The large number of people who voted for Eugene O’Neill’s "Ah
Wilderness!" came as a surprise to many at the Heights Players,
but Bourne says that because they wanted to do a classic American
playwright and Ted Thompson was eager to direct, it was happily
chosen as the fourth show of the season.



"Ah Wilderness!" which will be staged Jan. 6 through
Jan. 22, is O’Neill’s only comedy. This coming-of-age story takes
a sentimental look at the playwright’s youth. The long-running
Theatre Guild production opened in 1933, and ever since the play
has been popular with university and community theater groups.

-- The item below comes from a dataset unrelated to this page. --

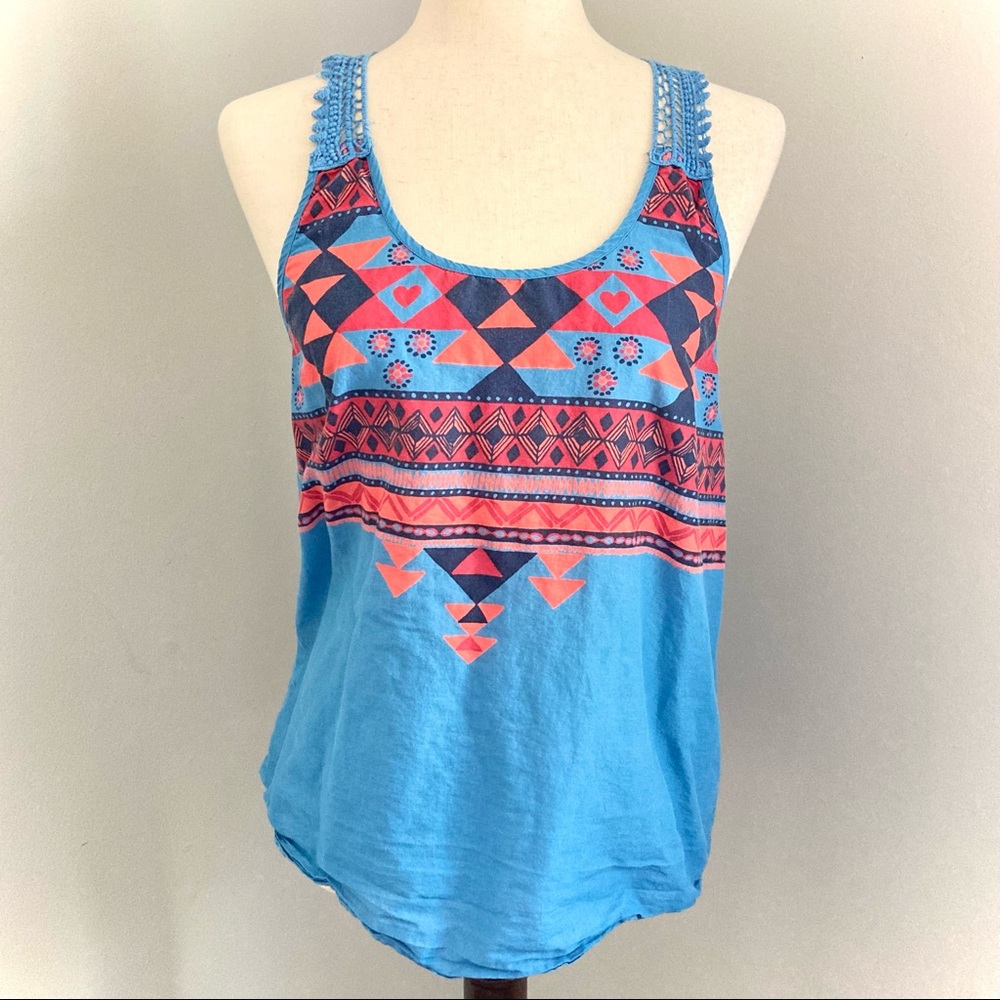 H&M Divided Light Blue Tribal Lace Back Tank Top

Agatha Christie, a Heights Players favorite, gets a hearing Feb.
3 through Feb. 19 when Fabio Teliercio directs "Witness
for the Prosecution." This suspense-filled courtroom drama
is best known as a 1957 Billy Wilder film featuring such celebrities
as Tyrone Power, Marlene Dietrich and Charles Laughton.



The next show, Arthur Miller’s "The Crucible," was
the one play that, according to Bourne, the Heights Players board
most wanted to present this season.



"We were looking for ’The Crucible’ because that was the
second play that the Heights Players ever did – in May of ’57
– and that put us on the map," says Bourne. "Within
three months the Heights Players was incorporated as a nonprofit
educational group, we started our workshop programs and decided
we were going to be a residential company in Brooklyn.

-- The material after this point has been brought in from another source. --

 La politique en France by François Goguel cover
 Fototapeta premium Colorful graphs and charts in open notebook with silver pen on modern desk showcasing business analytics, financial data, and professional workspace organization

"We also wanted a Brooklyn playwright," said Bourne.
"It was a play Ed Healy wanted to do." Of course, Miller,
who died earlier this year, is one of America’s most renowned
playwrights too, and "The Crucible," which the Heights
Players will stage March 3 through March 19, is one of his most
acclaimed works. Although it is ostensibly about the 17th-century
Salem witch trials, the real (though unstated) subject of "The
Crucible" is McCarthyism and the witch hunts of the House
Un-American Activities Committee during the 1950s.



"Wait Until Dark" is a very popular mystery, but Bourne
said he was surprised that the play was ranked above several
Agatha Christie plays in the Heights Players’ survey. Frederick
Knott’s edge-of-your-seat thriller is about ruthless crooks,
drugs and a clever blind woman whom the crooks try to bully and
outwit. The Broadway show opened in 1966 with Lee Remick starring
as the blind woman. In the 1967 film, Audrey Hepburn took the
lead. Susan Montez directs the Heights Players’ version, which
is slated to run March 31 through April 16.



The season ends with the blast of "76 Trombones" as
Thomas N. Tyler directs Meredith Wilson’s "The Music Man,"
which runs May 5-21. The 1957 Broadway hit that did so much to
advance the career of its star, Robert Preston (who played Harold
Hill in the 1962 film as well), is about a charming con man who
figures out a gimmick for stealing money from the residents of
River City but ends up having his own heart stolen by the winsome
Marian, the town librarian.



Fifty years of providing good, community theater at affordable
prices in Brooklyn is quite an accomplishment. It’s certainly
cause for a season of celebration.

 

A subscription to the Heights Players
2005-2006 season, which kicks off with "Brighton Beach Memoirs"
(Sept. 9-25), is $80. The Heights Players are located at 26 Willow
Place between State and Joralemon streets in Brooklyn Heights.